**Action item:**
Copy the data that follows exactly as it is, excluding all pictures.

**Recorded information:**
***

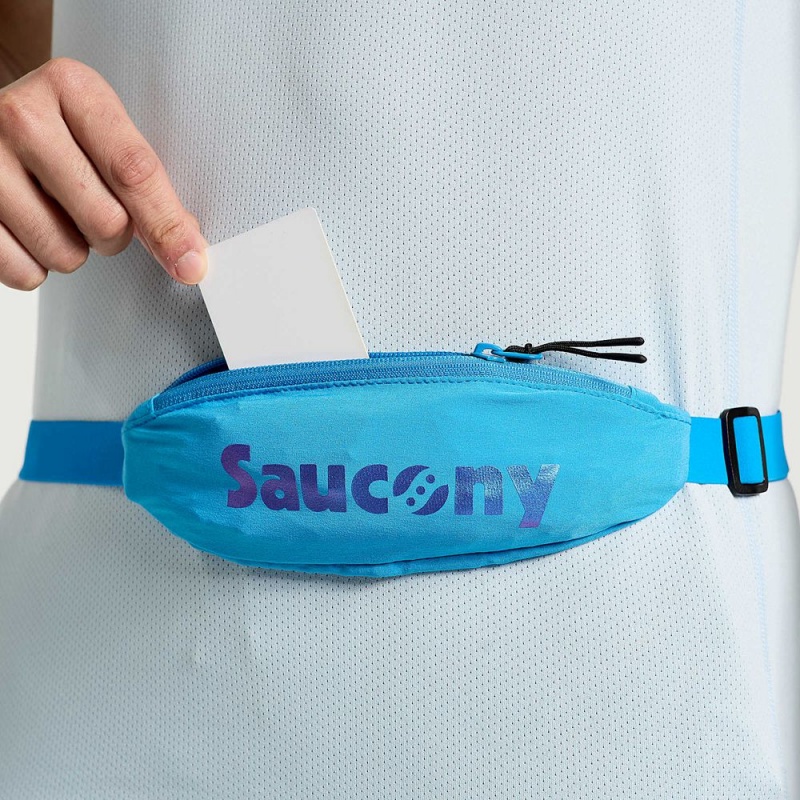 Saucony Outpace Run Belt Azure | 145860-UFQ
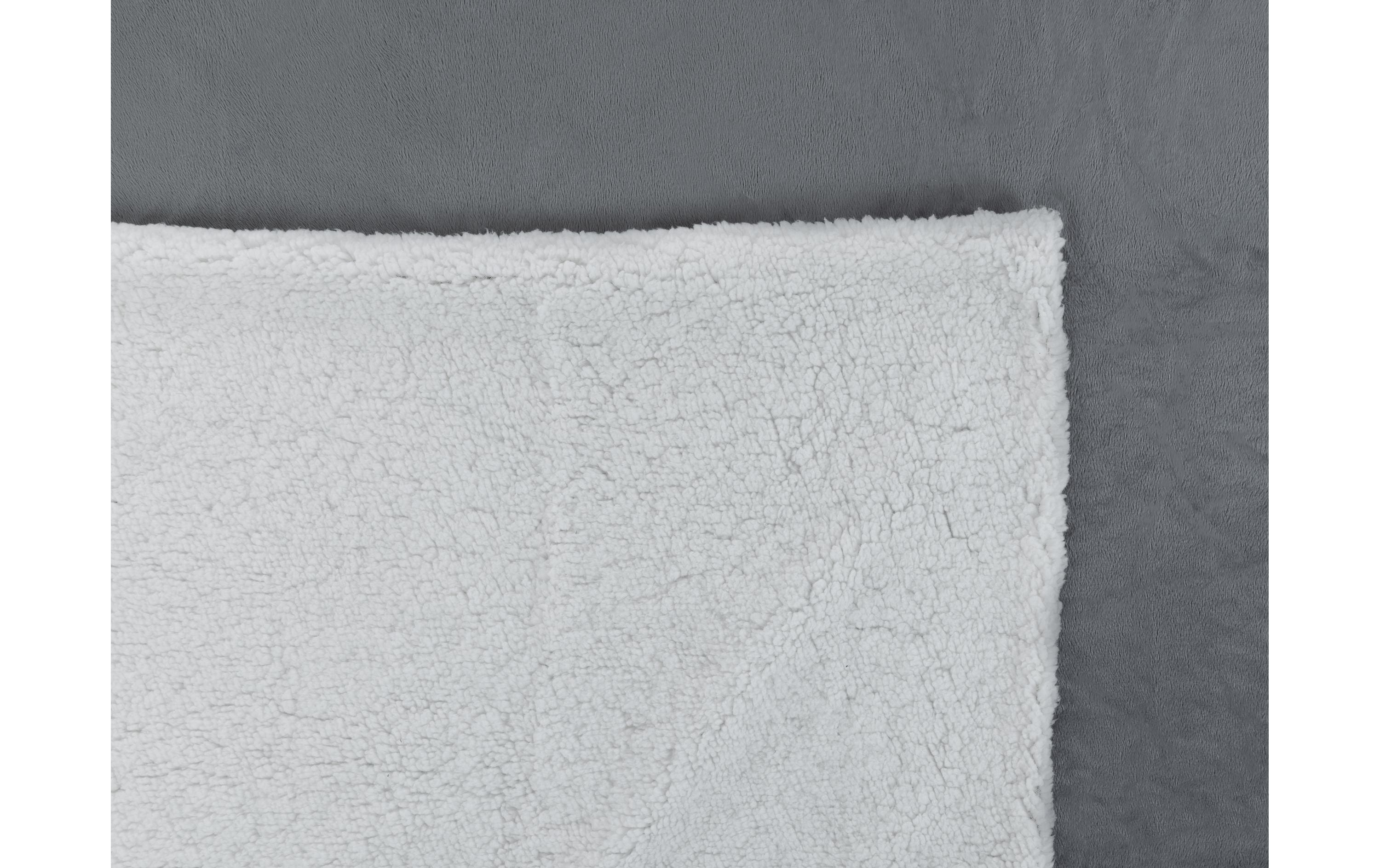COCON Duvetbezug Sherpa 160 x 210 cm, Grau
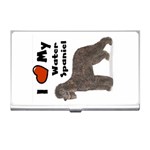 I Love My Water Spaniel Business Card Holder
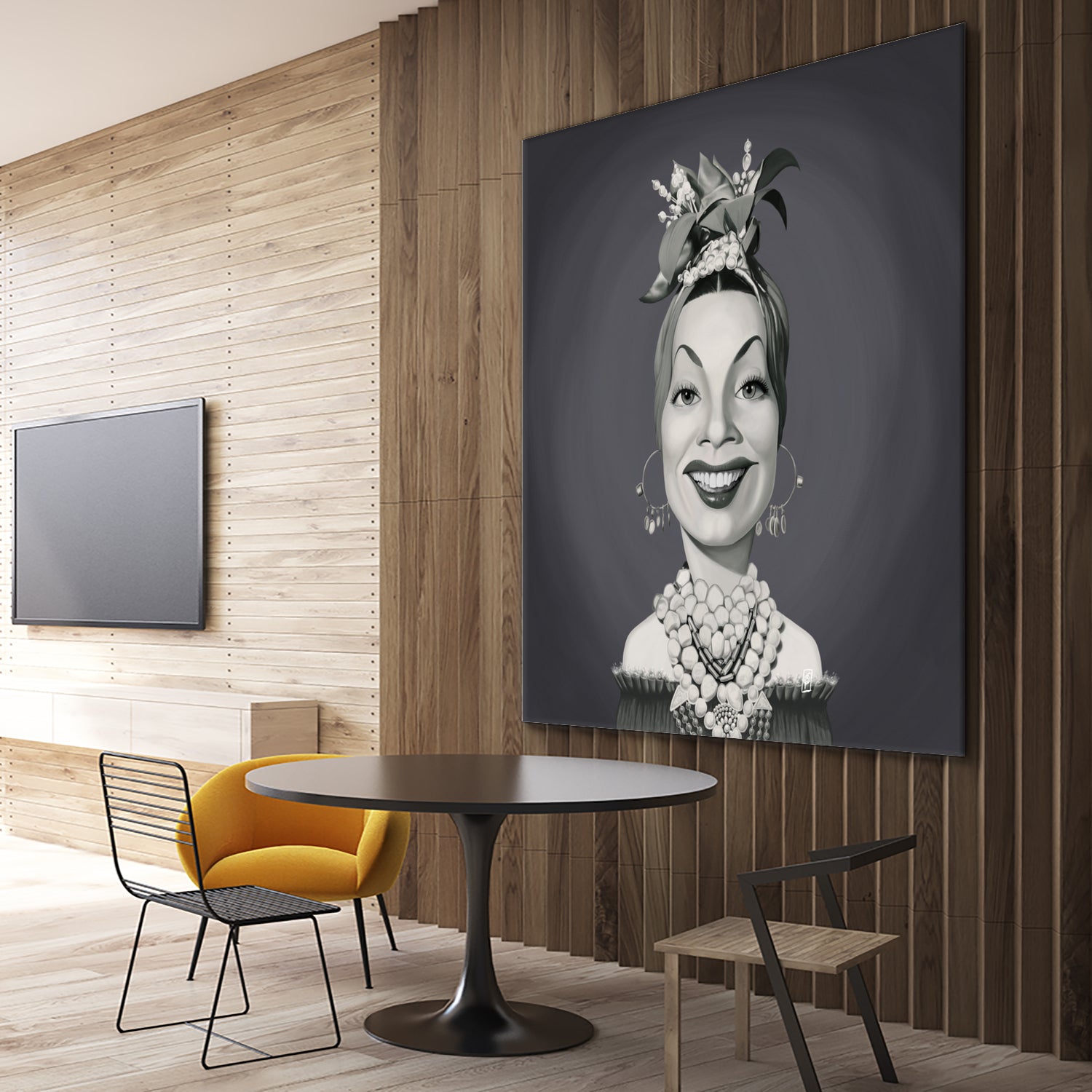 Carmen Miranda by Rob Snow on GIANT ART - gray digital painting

***

**Response area:**
 Saucony Outpace Run Belt Azure | 145860-UFQ
COCON Duvetbezug Sherpa 160 x 210 cm, Grau
 I Love My Water Spaniel Business Card Holder
 Carmen Miranda by Rob Snow on GIANT ART - gray digital painting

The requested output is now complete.